The project is the result of years of friendship between the Dalai Lama and Ekman. The pair first met in Dharamsala, India, in 2000, and have kept in touch ever since to talk about emotional awareness.
“The Dalai Lama paid Dr. Ekman at least $750,000 to develop the project, which began with a request several years ago,” the Times reports.
For the Atlas, Ekman worked with his daughter, psychologist Dr. Eve Ekman, and the San Francisco-based data visualization firm Stamen Design.

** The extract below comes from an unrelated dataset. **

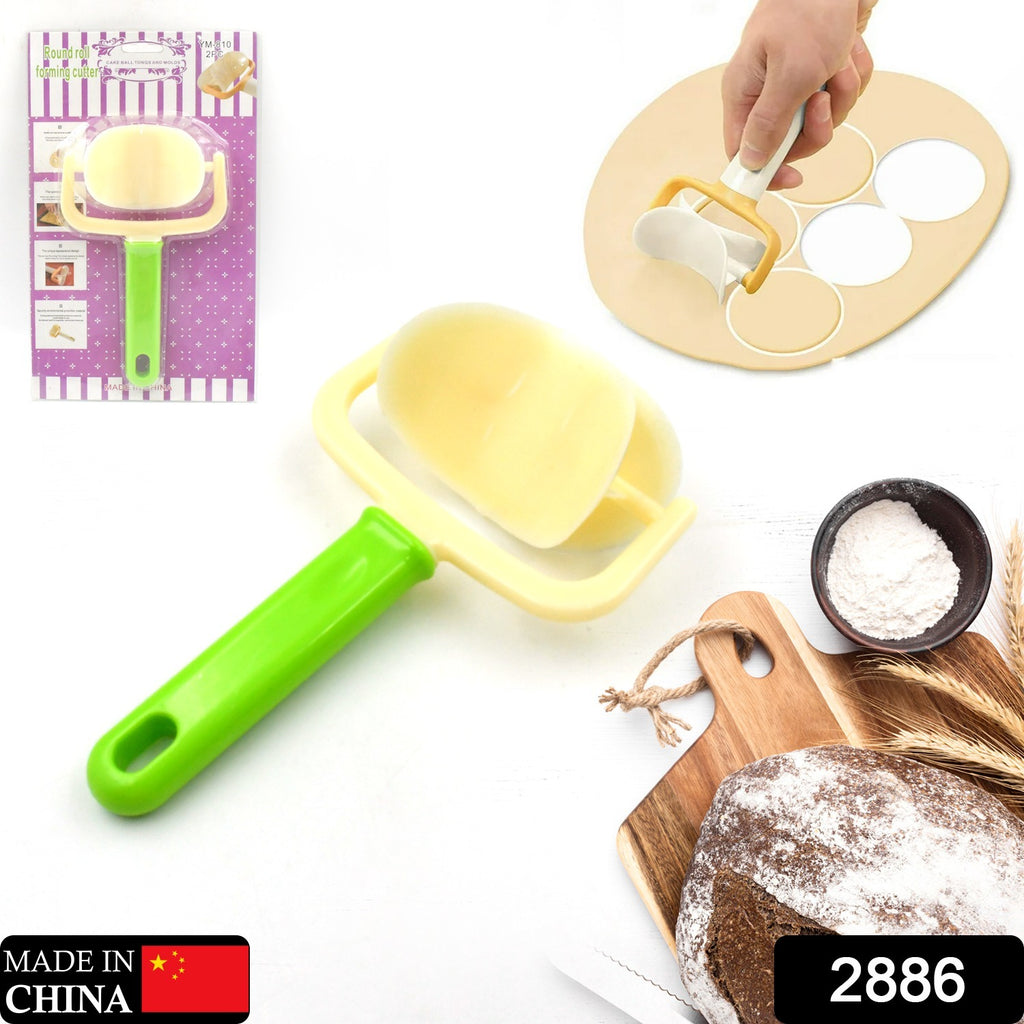 White plastic round roll forming puri cutter for baking and cake balls.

Based on a survey of leading scientists and psychologists in the field, Ekman synthesized the full range of human emotions into five broad “continents“: anger, fear, disgust, sadness and enjoyment.

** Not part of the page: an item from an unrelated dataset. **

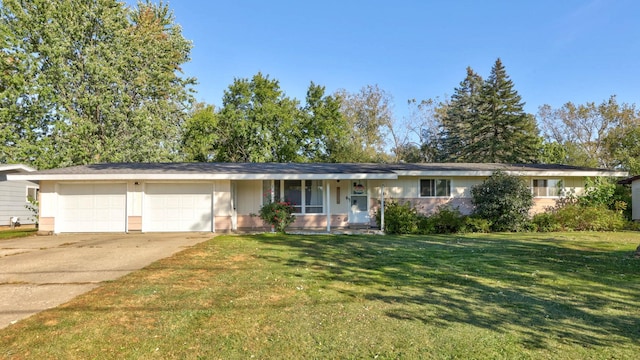 single story home featuring a front lawn and a garage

If the categories sound familiar, it’s because they are the same five emotions that are anthropomorphized in the Disney-Pixar film “Inside Out.” Ekman was one of the scientists the movie’s creators consulted while putting the film together.
The online Atlas explains each of these core emotions and then goes a few steps further by linking them to different emotional states, triggers, actions and moods.

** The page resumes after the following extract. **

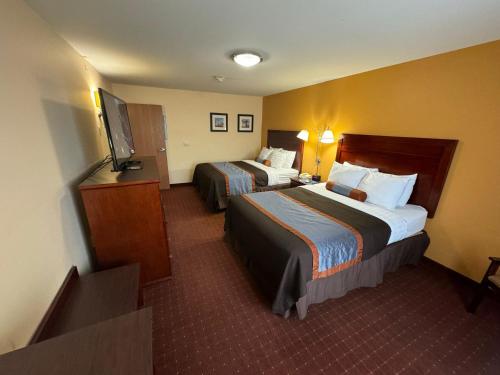 a hotel room with two beds and a flat screen tv at Americas Best Value Inn Saint Robert/Fort Leonard Wood in Saint Robert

For example, users can explore how external triggers like losing a loved one, or being rejected by someone important can result in the emotion of sadness. Sadness then causes a range of emotional states, from disappointment, which is the least intense form, to anguish, which is the most intense. Sadness can also lead to certain associated actions — like feeling ashamed, protesting, and seeking comfort. A longer-lasting result of an emotion is a mood, which can cause the related emotion to be felt more frequently and intensely.